Olympic gold medalists bring Stars on Ice to Greensboro Thursday
Olympic names drew Stars on Ice to Greensboro Thursday, with limited meet-and-greet passes and a cast headed by Alysa Liu and Ilia Malinin.

Greensboro landed another national-stage event Thursday when Stars on Ice brought Olympic champions and medalists to First Horizon Coliseum at 7 p.m., giving the city a marquee show at the center of its event economy. With tickets on sale, group discounts for parties of 10 or more and limited meet-and-greet passes, the booking had the kind of pull that sends families, skating fans and visitors through the Greensboro Complex and into the businesses that feed off big nights like this.
Shannon Smith spoke with Daniel O’Shea and Ellie Kam about the show, which featured a stacked lineup headed by Alysa Liu, Madison Chock and Evan Bates, Ilia Malinin, Amber Glenn, Ellie Kam and Danny O’Shea, Isabeau Levito, Jason Brown, Andrew Torgashev, and Emily Chan and Spencer Howe. For local fans, that meant a chance to see some of the sport’s biggest names in person, not just in Olympic broadcasts.

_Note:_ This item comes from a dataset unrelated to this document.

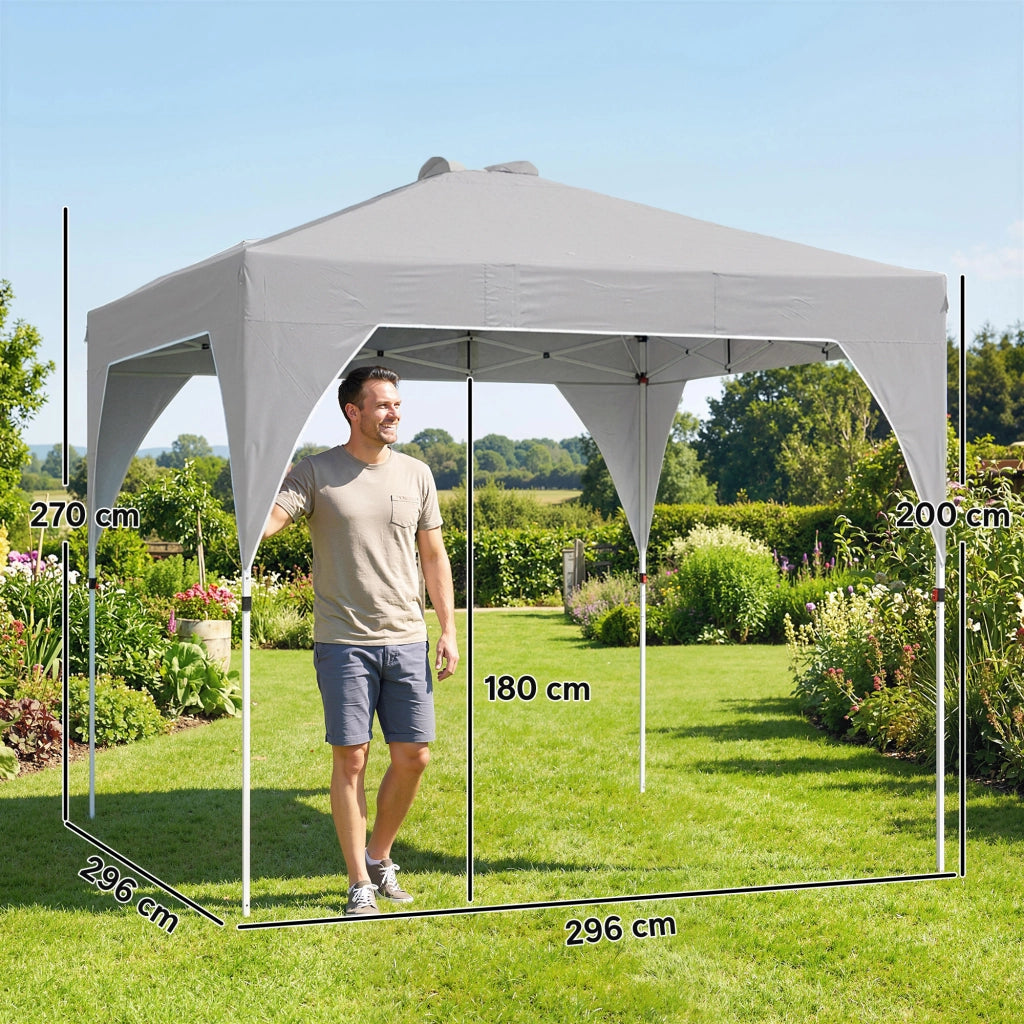 Tenda da giardino pieghevole 3x3 m ¨C zephmum ¨C grigio con sacchi di sabbia e ruote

The Greensboro stop also carried the weight of a long-running touring brand. Stars on Ice said the show was founded in 1986 by Scott Hamilton, has staged more than 1,500 performances and has won three Emmy Awards and one ACE Cable Award. The 2026 U.S. tour, sponsored by Stifel, was scheduled to visit 28 cities from April 16 through May 31, putting Greensboro on a national route that stretched well beyond the Piedmont Triad.

The Olympic backdrop sharpened the appeal. U.S. Figure Skating said Alysa Liu’s gold medal in Milan was the first U.S. women’s Olympic gold since Sarah Hughes won in 2002. Team USA sent 16 figure skaters to the 2026 Olympic Winter Games in Milano Cortina, and several of those names were on the Greensboro bill. That gave Thursday’s show a different kind of draw from a routine ice performance: it was a chance to see athletes whose recent Olympic results made them recognizable far beyond the rink.
For Greensboro, the value was bigger than one night of entertainment. First Horizon Coliseum again showed it could host nationally recognizable events with names local readers know, and Stars on Ice turned that into a direct test of the city’s ability to attract both marquee talent and the crowds that follow it.